De André Bonzel
Petit bijou de délicatesse et d’émotion, le long-métrage d’André Bonzel raconte la propre histoire du cinéaste à partir de films tournés par des autres. Bonzel utilise des films de famille dont – nous explique-t-il dans l’avant-propos de ce film qu’il va narrer en voix off – il fait collection depuis toujours. Sur des images de dizaines d’amateurs inconnus, offrant de la famille les tableaux gravés dans le celluloïd d’un bonheur bon enfant que rien ne saurait corrompre, se dessine ainsi une histoire personnelle plus sombre, plus éclatée, plus mystérieuse, dont on comprend assez rapidement qu’elle aura justifié ce dernier recours au bonheur filmé d’autrui pour s’écrire. : Un père sans chaleur et sans amour, une mère confite en dévotion : l’enfance de René Bonzel ne ressemble pas à l’image d’Epinal des films de famille. Un paternel biologiste conservant chez lui les bocaux de merde à examiner, péteur à table, entretenant plus de considération pour ses chiens que pour son fils. René n’y va pas avec le dos de la cuillère. Et la suite est à l’avenant. Père et mari qui construit un mur dans sa propre maison pour ne plus voir sa femme. Père absent au mariage de son fils, qui ne trouvera que trop rarement les ressources d’un mot, d’un geste d’amour ou de complicité. C’est, a contrario, le père d’un ami qui, en projetant à la petite bande d’enfants que fréquentait son fils des bobines de burlesque, lui insuffle non seulement la preuve que la bienveillance existe mais, plus encore, l’amour du cinéma.

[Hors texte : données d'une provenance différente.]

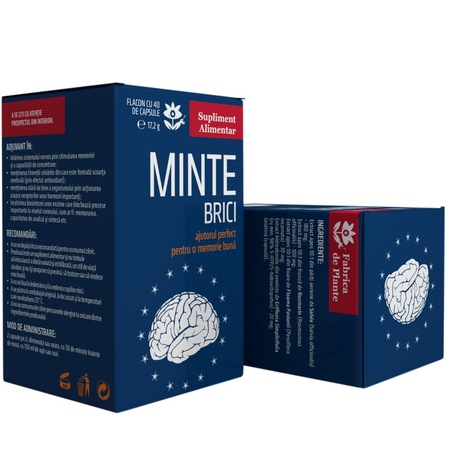 Supliment Alimentar Complex Minte Brici 40 Capsule Emag Ro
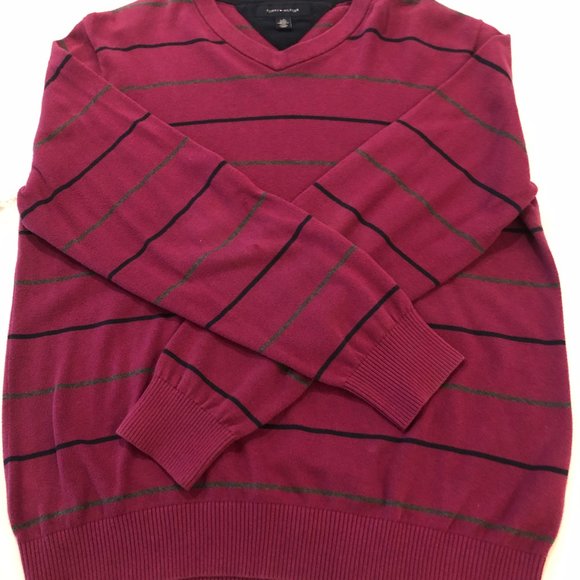 Men's V-Neck Tommy Hilfiger Sweater - Picture 3 of 4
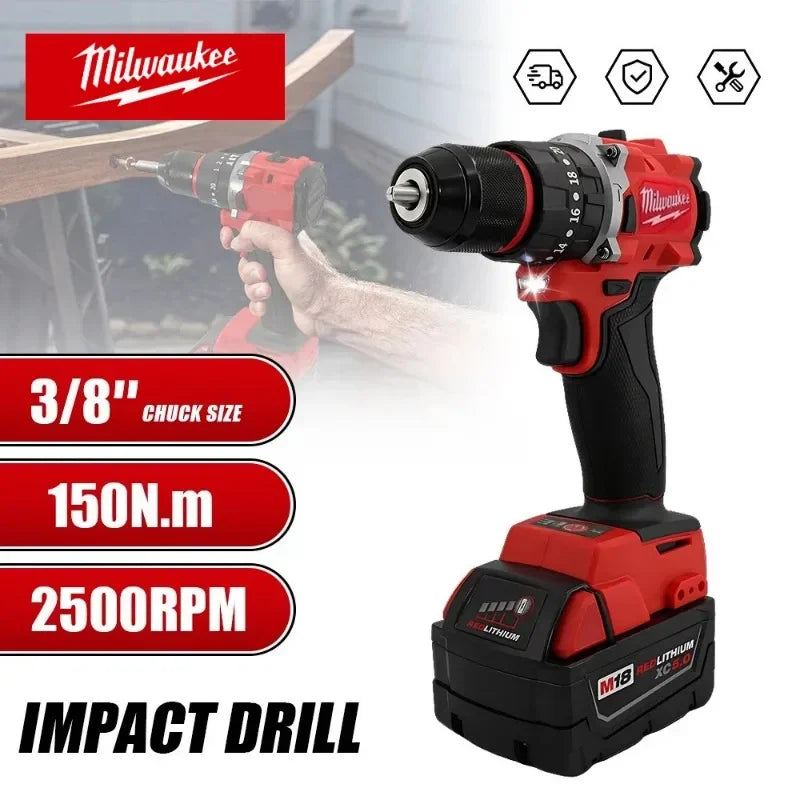 Milwaukee Kit Utensili 18V Trapano Avvitatore Percussione Smerigliatrice Angolare Sega Circolare Brushless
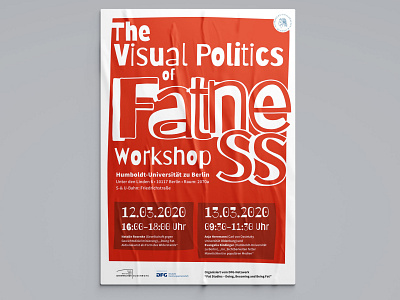 The Visual Politics of Fatness - Poster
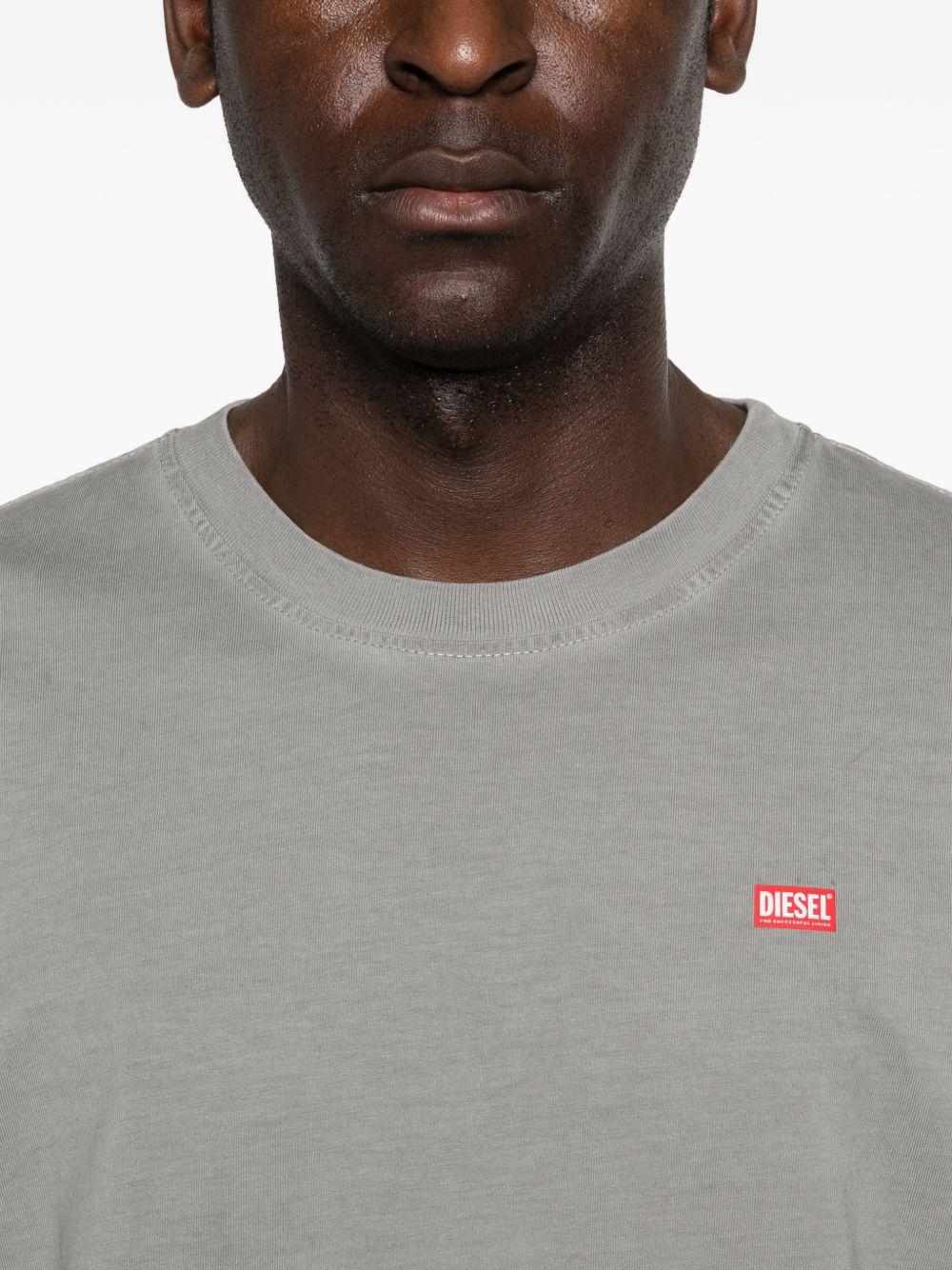 DIESEL T-shirt T-Norm-T7 con logo grigia 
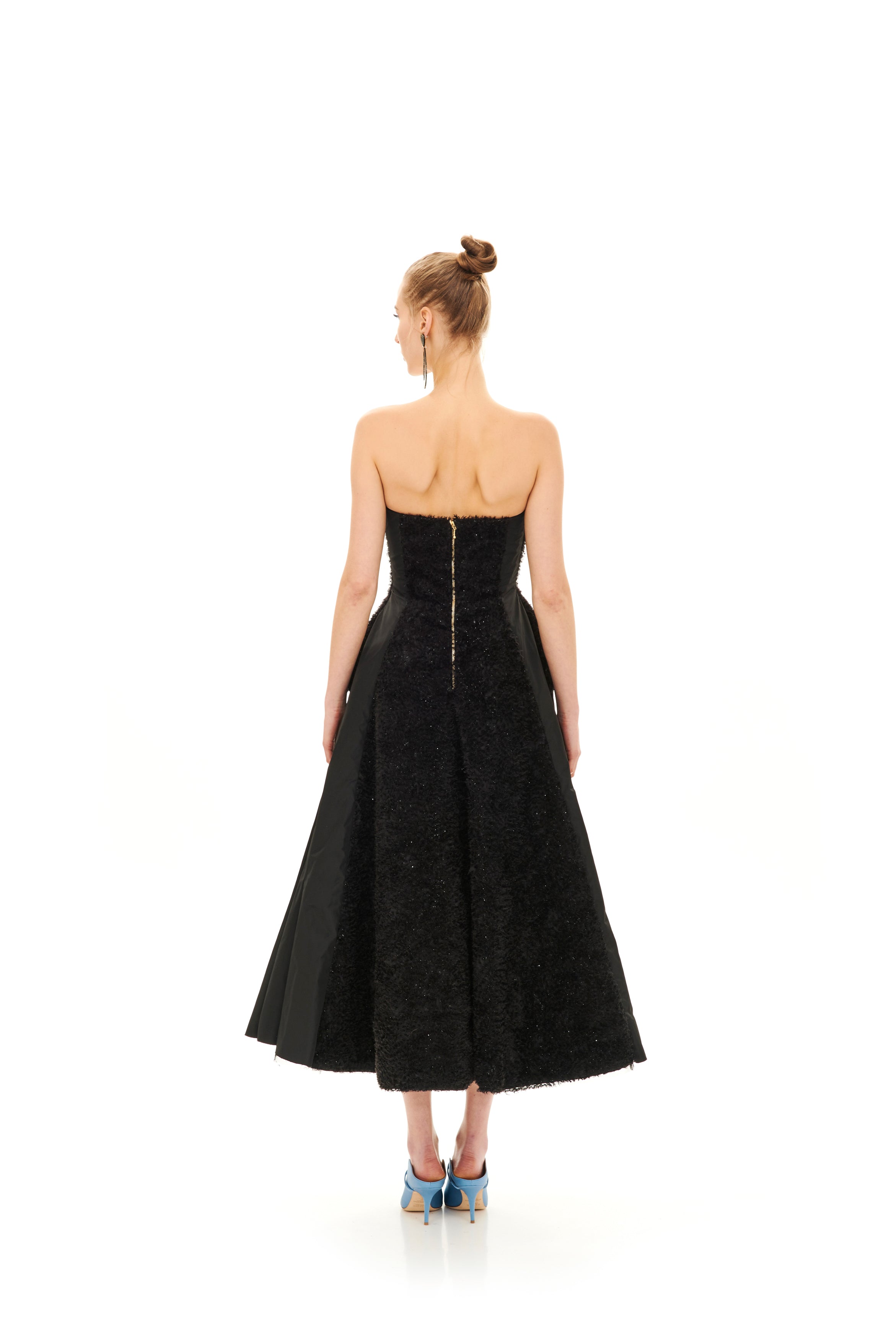 BALL MIDI GOWN WITH VOLUMINOUS SKIRT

Du coup, René, fuyant rapidement le cercle atone de la famille nucléaire, se met à élargir le champ de sa caméra.
Sur des images d’amateurs inconnus, se dessine une histoire personnelle plus sombre, plus mystérieuse
Du côté de la famille élargie, où il trouve quelques traces répétées et incontestables d’un gène cinématographique chez quelques notables ancêtres (dont un, très timide, qui filmait les filles en douce, et qui en est mort après s’être encastré au volant de sa voiture alors qu’il filmait une jolie cycliste). Mais aussi bien du côté de ses amoureuses, qu’il filme frénétiquement. Ses propres films se mêlent ainsi aux autres, la voix et les paroles de l’auteur servant de liant romanesque au défilé d’images hétérogènes et hasardeuses qui défilent sur l’écran. J’aime à la fureur ne se réduit pourtant pas à l’illustration filmée d’une vie vécue par procuration cinématographique. Ce serait bien trop triste.
Le film, c’est sa suprême générosité, emporte avec lui, tous ces vidéastes amateurs, qui ont filmés, les reconduit vers le regard de nouveaux spectateurs qui s’en émeuvent, et c’est ici, pour fugace qu’elle soit, une éclatante résurrection qui a lieu, un lever d’entre les morts de ces figures vers les vivants que nous sommes, qui leur donnons abri provisoire en nos cœurs.